Caroline paled and lifted eyes that were so frankly fearful to his lean, darkly handsome face that he was pushed into adding, ‘That was a joke…okay? A joke with a sting, piccola mia. I look forward to seeing you dressed in designer clothes that fit you properly.’
‘I’ve lost weight since Matthew died…hardly anything I have fits,’ she confided, some of her tension easing at that explanation even while the frightening image of having her clothes ripped off struck her as ridiculous and finally faded from her mind.

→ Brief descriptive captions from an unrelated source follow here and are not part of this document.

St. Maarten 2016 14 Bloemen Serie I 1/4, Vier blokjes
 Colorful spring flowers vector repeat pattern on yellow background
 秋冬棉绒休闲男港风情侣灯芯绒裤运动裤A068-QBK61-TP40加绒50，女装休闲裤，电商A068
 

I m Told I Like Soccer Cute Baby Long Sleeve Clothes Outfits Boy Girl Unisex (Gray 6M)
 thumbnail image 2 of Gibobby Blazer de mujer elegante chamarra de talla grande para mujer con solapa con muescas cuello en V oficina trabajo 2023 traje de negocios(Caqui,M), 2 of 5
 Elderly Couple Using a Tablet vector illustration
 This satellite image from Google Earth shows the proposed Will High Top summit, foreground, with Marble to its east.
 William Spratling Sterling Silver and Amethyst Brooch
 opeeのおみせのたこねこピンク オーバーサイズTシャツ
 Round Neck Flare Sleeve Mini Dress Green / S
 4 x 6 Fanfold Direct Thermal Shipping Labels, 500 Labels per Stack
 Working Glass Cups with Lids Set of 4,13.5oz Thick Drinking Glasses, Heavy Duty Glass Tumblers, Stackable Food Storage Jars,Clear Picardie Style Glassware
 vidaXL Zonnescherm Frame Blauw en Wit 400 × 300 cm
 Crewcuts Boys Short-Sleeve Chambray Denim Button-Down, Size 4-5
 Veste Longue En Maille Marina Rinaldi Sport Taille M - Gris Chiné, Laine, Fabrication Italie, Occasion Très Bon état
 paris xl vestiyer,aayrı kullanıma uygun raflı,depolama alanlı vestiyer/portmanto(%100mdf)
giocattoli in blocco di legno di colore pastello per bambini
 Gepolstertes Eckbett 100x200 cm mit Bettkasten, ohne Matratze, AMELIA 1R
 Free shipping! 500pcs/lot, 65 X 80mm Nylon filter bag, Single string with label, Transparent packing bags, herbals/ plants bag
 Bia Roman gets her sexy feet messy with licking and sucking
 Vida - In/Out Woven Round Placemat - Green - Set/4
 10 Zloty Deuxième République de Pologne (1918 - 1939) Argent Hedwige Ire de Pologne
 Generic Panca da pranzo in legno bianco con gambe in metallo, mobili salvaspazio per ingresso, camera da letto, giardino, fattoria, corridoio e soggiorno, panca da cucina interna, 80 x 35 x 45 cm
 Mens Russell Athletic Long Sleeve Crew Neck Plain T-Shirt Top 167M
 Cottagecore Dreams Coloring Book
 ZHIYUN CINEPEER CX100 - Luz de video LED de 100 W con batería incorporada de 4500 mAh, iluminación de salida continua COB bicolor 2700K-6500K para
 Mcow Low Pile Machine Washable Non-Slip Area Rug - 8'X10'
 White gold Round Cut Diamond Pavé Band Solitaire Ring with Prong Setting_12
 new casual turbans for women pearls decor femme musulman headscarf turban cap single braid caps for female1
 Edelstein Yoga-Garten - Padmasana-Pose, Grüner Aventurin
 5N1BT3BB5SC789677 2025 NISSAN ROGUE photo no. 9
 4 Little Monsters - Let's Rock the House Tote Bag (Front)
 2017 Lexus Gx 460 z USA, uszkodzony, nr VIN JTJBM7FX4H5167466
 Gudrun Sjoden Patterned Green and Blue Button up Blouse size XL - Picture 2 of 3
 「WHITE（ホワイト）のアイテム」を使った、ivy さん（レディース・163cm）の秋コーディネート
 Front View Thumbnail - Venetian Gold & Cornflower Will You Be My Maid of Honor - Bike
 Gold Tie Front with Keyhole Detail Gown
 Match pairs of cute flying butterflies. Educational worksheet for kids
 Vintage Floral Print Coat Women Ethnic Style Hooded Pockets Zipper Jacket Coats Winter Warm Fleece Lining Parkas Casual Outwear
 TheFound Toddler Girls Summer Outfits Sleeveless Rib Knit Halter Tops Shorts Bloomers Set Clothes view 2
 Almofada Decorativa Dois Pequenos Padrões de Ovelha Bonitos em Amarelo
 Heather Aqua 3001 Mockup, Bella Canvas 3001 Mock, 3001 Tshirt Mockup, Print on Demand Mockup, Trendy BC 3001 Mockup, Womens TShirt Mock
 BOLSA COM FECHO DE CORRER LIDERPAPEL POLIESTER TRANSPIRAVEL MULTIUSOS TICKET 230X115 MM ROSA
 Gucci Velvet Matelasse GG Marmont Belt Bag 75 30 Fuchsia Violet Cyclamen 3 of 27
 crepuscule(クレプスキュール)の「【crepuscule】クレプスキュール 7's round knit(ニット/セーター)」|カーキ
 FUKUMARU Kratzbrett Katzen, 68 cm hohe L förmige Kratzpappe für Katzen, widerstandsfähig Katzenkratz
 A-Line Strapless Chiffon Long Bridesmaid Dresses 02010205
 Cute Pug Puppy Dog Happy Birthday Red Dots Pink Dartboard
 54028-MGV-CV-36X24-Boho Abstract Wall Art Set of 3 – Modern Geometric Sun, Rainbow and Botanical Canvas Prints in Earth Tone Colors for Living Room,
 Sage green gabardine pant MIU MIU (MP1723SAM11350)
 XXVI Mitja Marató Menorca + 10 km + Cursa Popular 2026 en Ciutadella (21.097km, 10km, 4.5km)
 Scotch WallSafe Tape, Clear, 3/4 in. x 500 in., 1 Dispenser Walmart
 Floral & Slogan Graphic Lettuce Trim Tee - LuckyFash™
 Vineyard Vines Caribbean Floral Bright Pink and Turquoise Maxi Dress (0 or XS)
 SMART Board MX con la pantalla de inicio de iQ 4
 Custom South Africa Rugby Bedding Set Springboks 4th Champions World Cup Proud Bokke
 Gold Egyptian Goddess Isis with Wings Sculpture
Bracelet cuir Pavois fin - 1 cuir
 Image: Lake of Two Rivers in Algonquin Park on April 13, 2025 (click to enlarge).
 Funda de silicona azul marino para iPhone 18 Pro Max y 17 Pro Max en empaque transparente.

He scored a lean forefinger over the back of her clenched hand, where it rested on the polished wood of the table. She trembled, feeling the tingling effect of his light touch the whole length of her arm. ‘Try to relax. You’re making me nervous.’
‘I didn’t think that was possible.’
‘With you, anything is possible,’ Valente riposted. ‘Are you worried about your father?’
Caroline grimaced. ‘Of course I am. He needs surgery urgently.’
‘But he is being treated by a state hospital, where there is probably a waiting list for such operations, and he will need to build up his strength before he can have one,’ Valente reminded her, for he had been present when her mother had spoken to the consultant the day before. ‘I could pay for that surgery privately, and your father could have it as soon as he was ready.’
Sheer surprise made Caroline blink, before focusing intently on his bronzed features and the stunning golden eyes fixed to her. ‘I can’t believe you’re offering me something like that-’
‘Why not? Whatever it takes, I want you back in my life.’
Her smooth brow indented, for he was so far removed from her in his way of thinking that she was appalled. ‘But you can’t bargain with people’s lives, Valente. Nobody should do that.’